Jawad's defense lawyer Air Force Major David J.R. Frakt said the most
likely reason Gitmo authorities tortured the youth (who had attempted
suicide five months earlier) was "for sport, to teach him a lesson,
perhaps to make an example of him to others."
Officials from UNAMI, the United Nations Assistance Mission to Iran,
said that children awaiting trial at severely overcrowded Tobchi
prison, Baghdad, said they had been tortured and sexually abused
while in custody in adult facilities prior to their transfer to
Tobchi, and showed the marks to prove it. And at Karkh juvenile
prison, children showed skin sores from lying on soggy mattresses in
temperatures that average 112 during the day.
Former President Jimmy Carter wrote in "Our Endangered Values"(Simon
& Schuster) that the Red Cross found after visiting six U.S.
prisons "107 detainees under eighteen, some as young as eight years
old." And reporter Hersh, (who broke the Abu Ghraib torture scandal,)

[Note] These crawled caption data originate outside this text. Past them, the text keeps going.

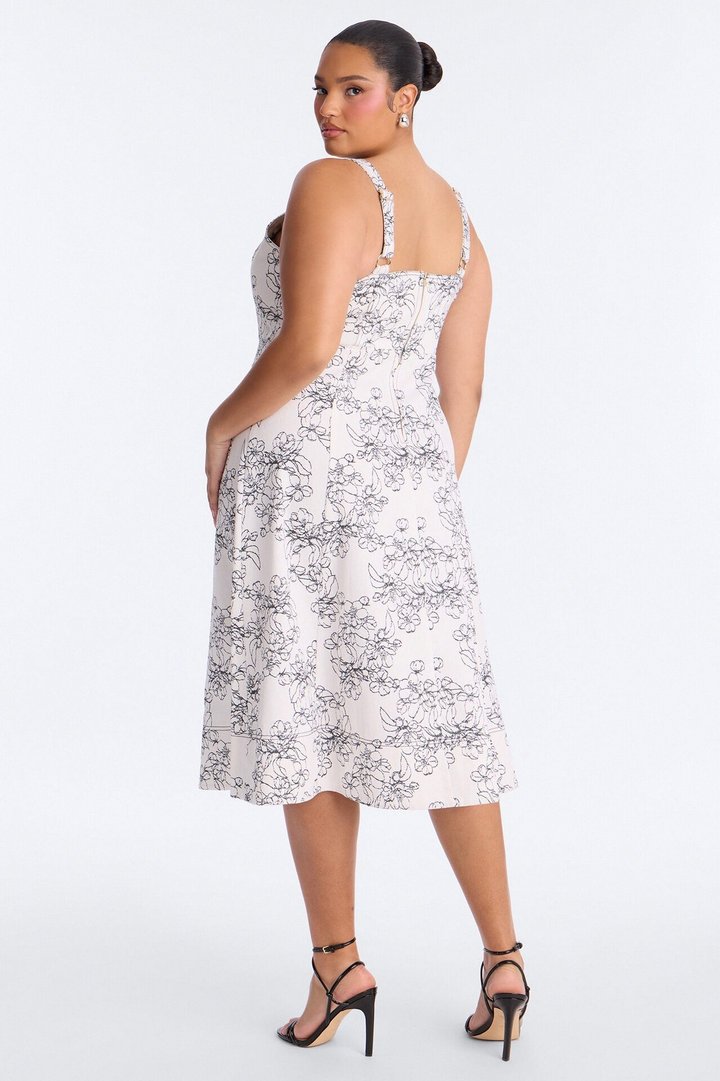 Carla Floral Denim Midi Dress - White/Black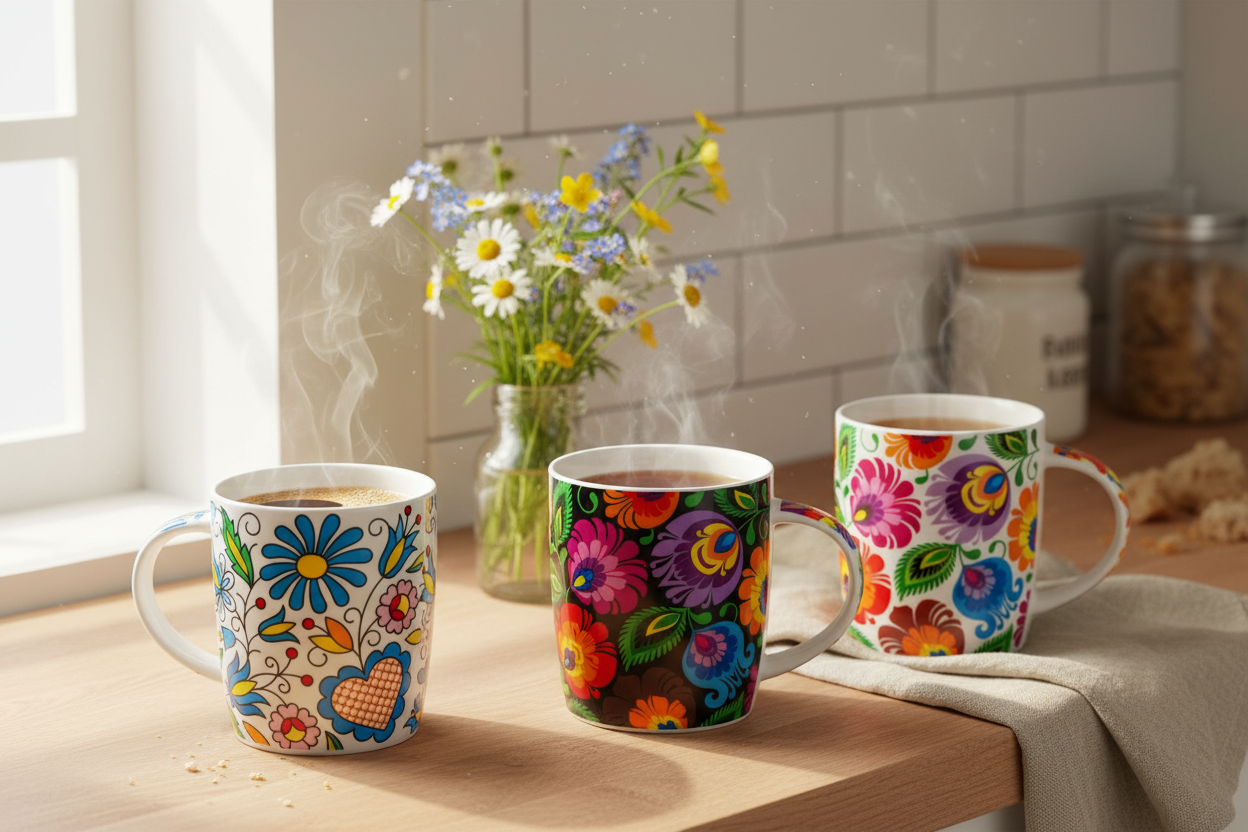 Three Folkstar Hania mugs on a wooden kitchen shelf filled with coffee and tea with fresh wildflowers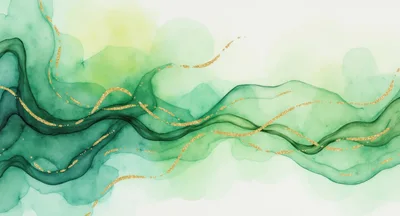 Abstract Green Watercolor Background With Gold Glitter Accents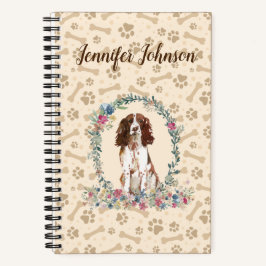 Cuaderno Inglés Springer Spaniel Dog Paw Print & Floral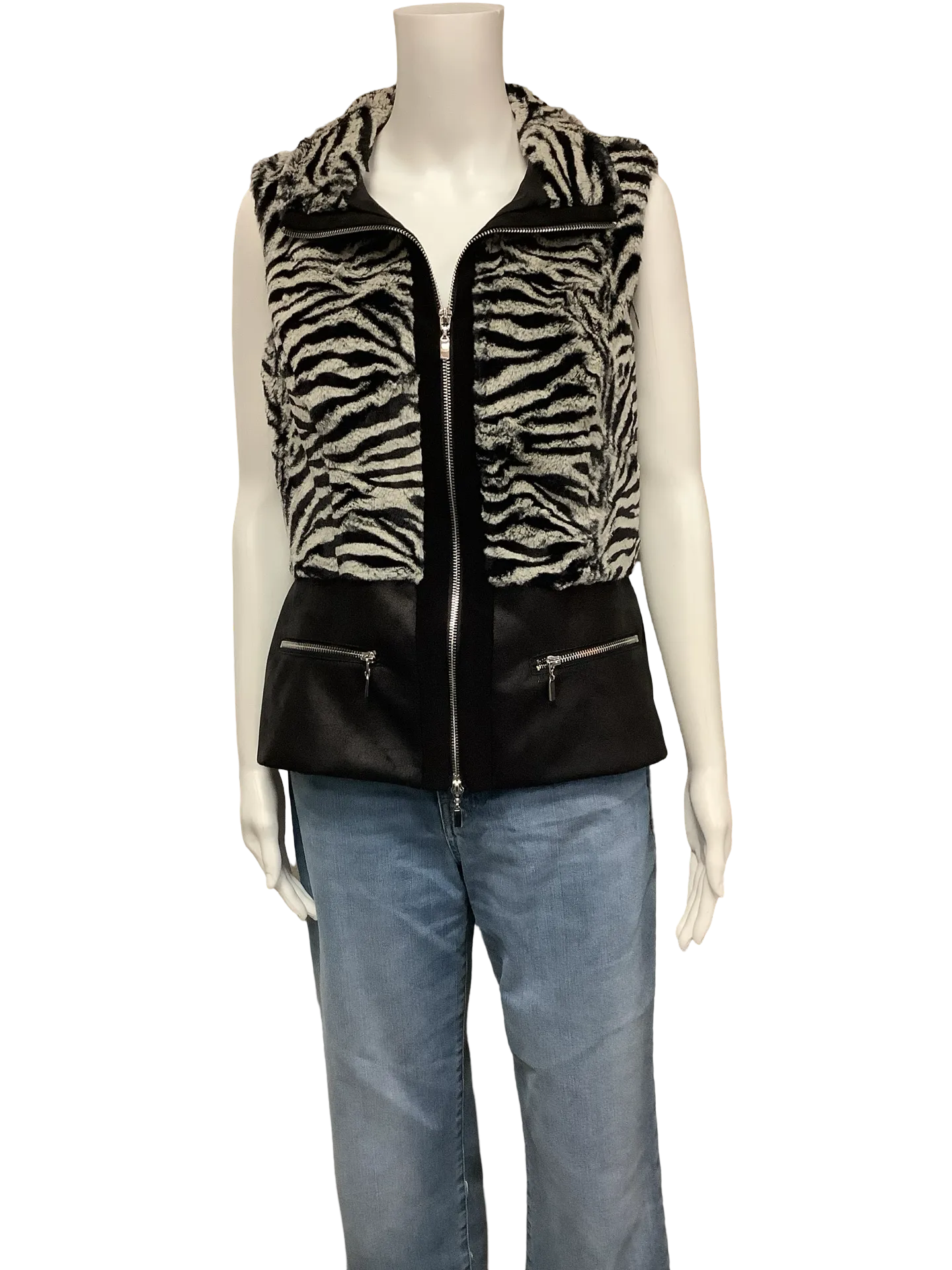 Frank Lyman Women's Faux Fur Vest Animal Print Size: 4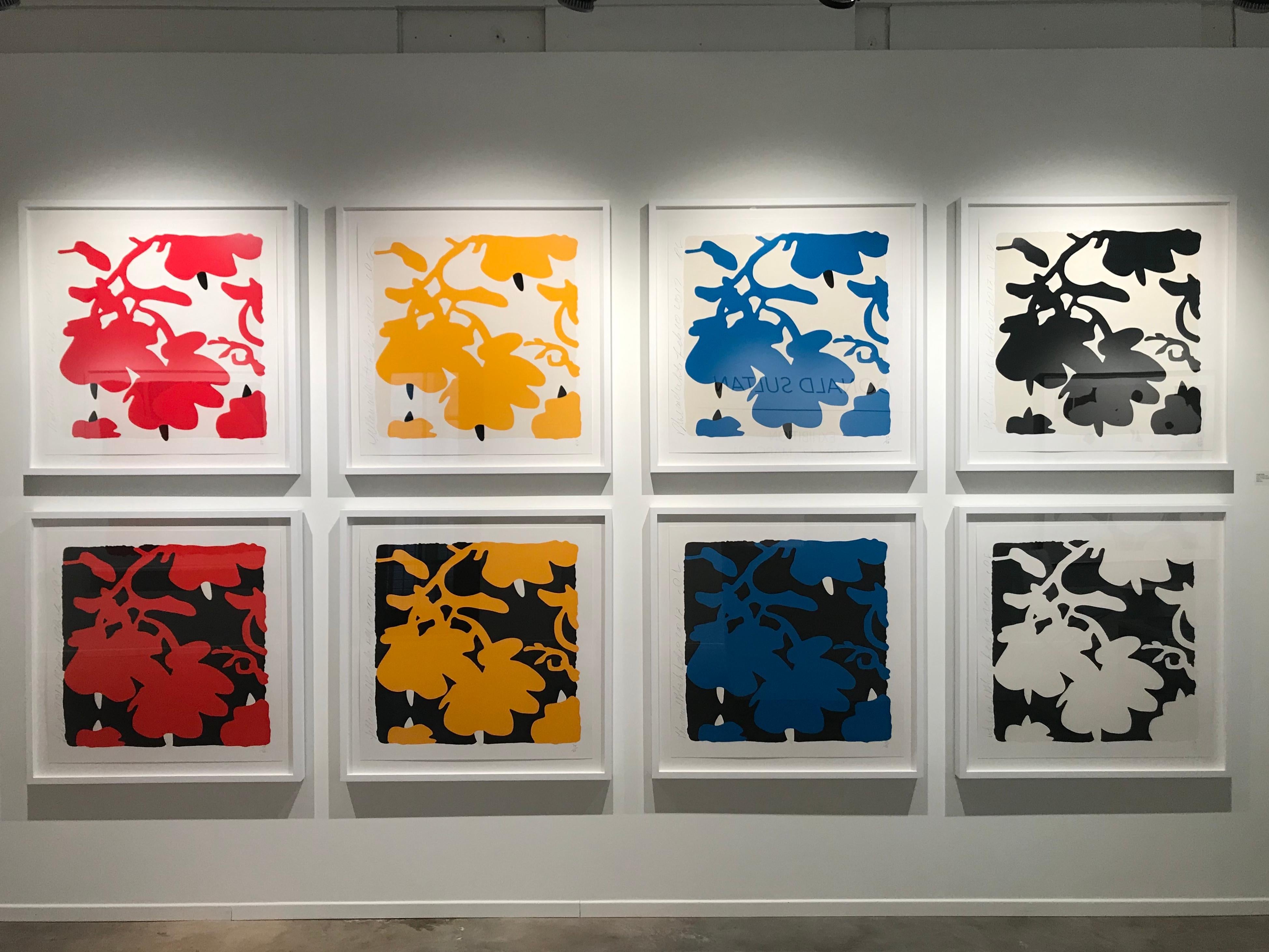 Donald Sultan (Born 1951)
Lantern Flowers (Red and White), 2017
Color silkscreen with over-printed flocking on Rising, 2-ply museum board
32 x 32 in.
Edition 34 of 50
Signed by artist
Framed in white gallery frame and glass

reported 800-900 Pakistani boys aged 13 to 15 in custody. President
Carter wrote that the Red Cross, Amnesty International and the
Pentagon "have gathered substantial testimony of torture of children,
confirmed by soldiers who witnessed or participated in the abuse."
In an effort to conceal conditions in its Iraqi compounds, the U.S.
has closed them to human rights monitors such as AI, HRW, and the
International Federation of Human Rights, says Ciara Gilmartin, the
Security Council Program Coordinator at Global Policy Forum(GPF), a
New York-based organization that seeks to strengthen international
law.
GPF called for opening the Iraqi detention facilities "to national
and international observers" and for establishing clear
accountability for U.S. officers and contractors in charge of the
prisons.
"The whole abusive system must be thoroughly overhauled or closed
down," Gilmartin said. "U.S. military and civilian leaders are not
the only ones complicit in the abuse and lack of due process of Iraqi
detainees. All who stay silent in the face of the Iraq gulag allow it
to continue."
In 2005, the AP reported from Geneva that UNICEF was "profoundly
disturbed" by reports of abuse of children in Iraq prisons. "Any
mistreatment, sexual abuse, exploitation or torture of children in
detention is a violation of international law," UNICEF spokesman
Damien Peronnaz said.
According to a report by Felicity Arbuthnot published last June 9th
in Global Research, the UN Special Representative for Children in
Armed Conflict, Radhika Coomarswarmy, said children are not allowed
any outside lawyers and may be held hostage to force an adult family
male to give himself up.
HRW said that as of February of this year the length of detention for
children was more than 130 days and "some children have been detained
for more than a year without charge or trial, in violation of the
Coalition Provisional Authority memorandum on criminal procedures.
Not surprisingly, "One of the biggest complaints (by Iraqis) is that
the vast majority of (U.S.) detainees have not been charged with any
crime," David Enders writes in the October 27 issue of The Nation.